PROMPT ->
Please transcribe the data below in full, word for word, without the images.

COLLECTED DATA ->
BEGIN

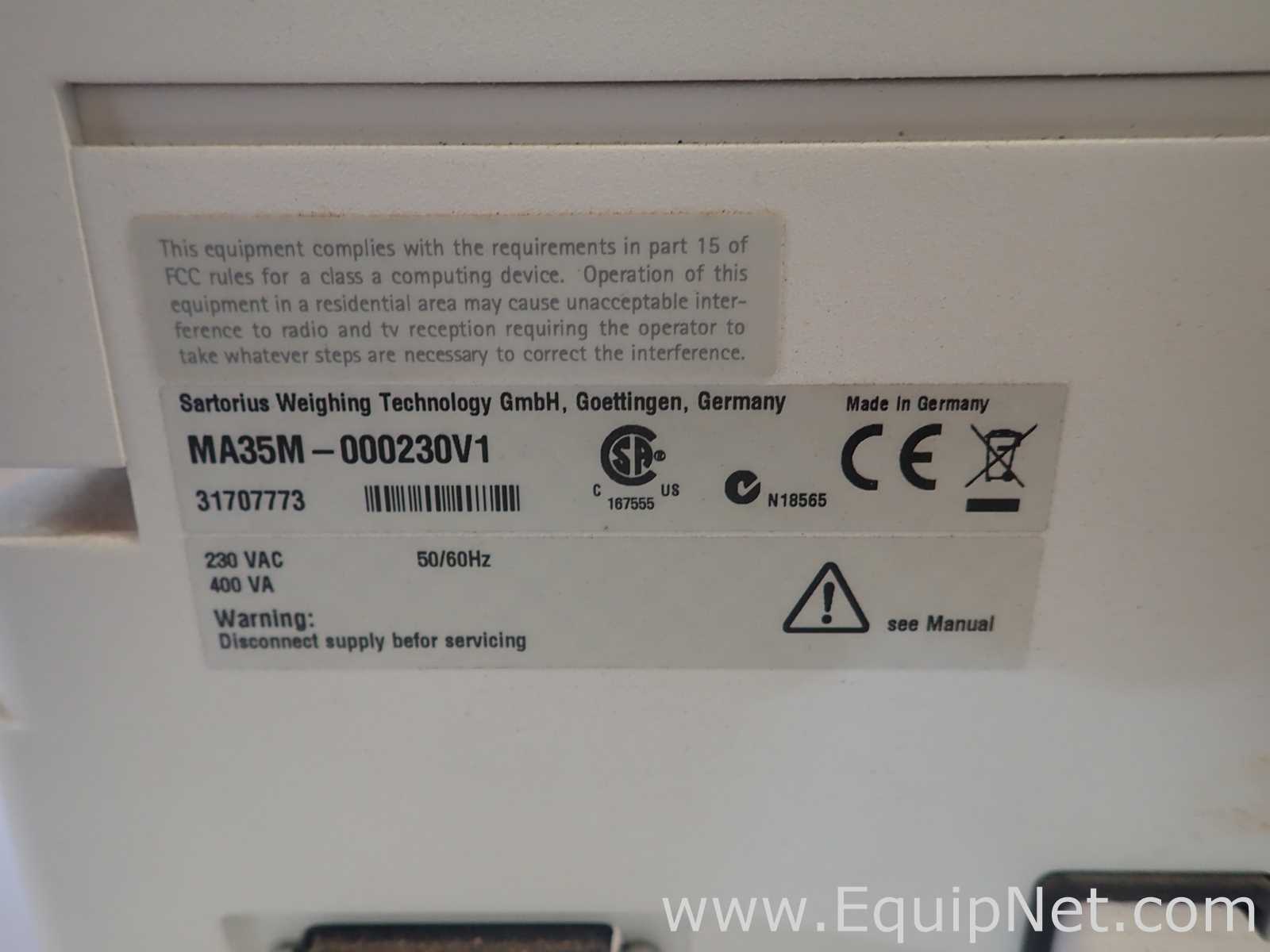 Sartorius MA35M Moisture Analyzer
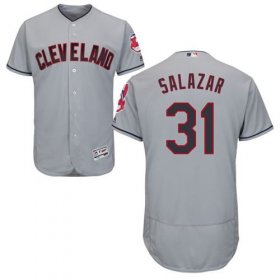 Wholesale Cheap Indians #31 Danny Salazar Grey Flexbase Authentic Collection Stitched MLB Jersey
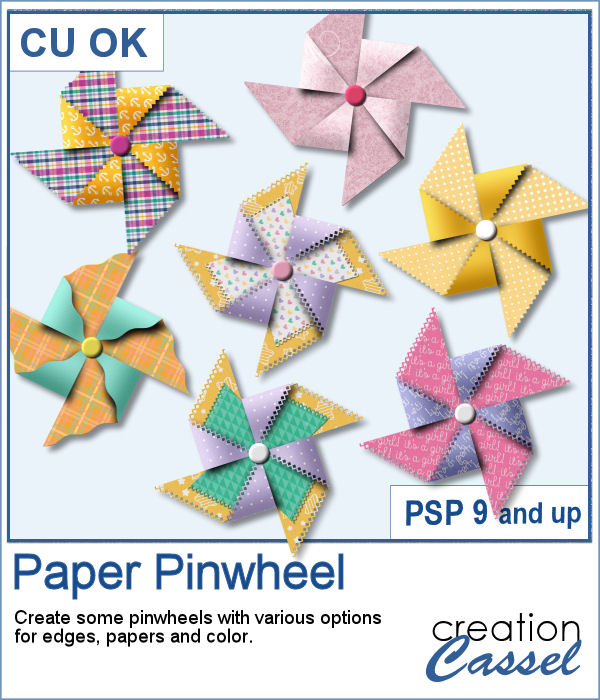 Paper pinwheel script for PaintShop Pro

END

FINISHED EXERCISE ->
 Sartorius MA35M Moisture Analyzer
 Wholesale Cheap Indians #31 Danny Salazar Grey Flexbase Authentic Collection Stitched MLB Jersey
 Paper pinwheel script for PaintShop Pro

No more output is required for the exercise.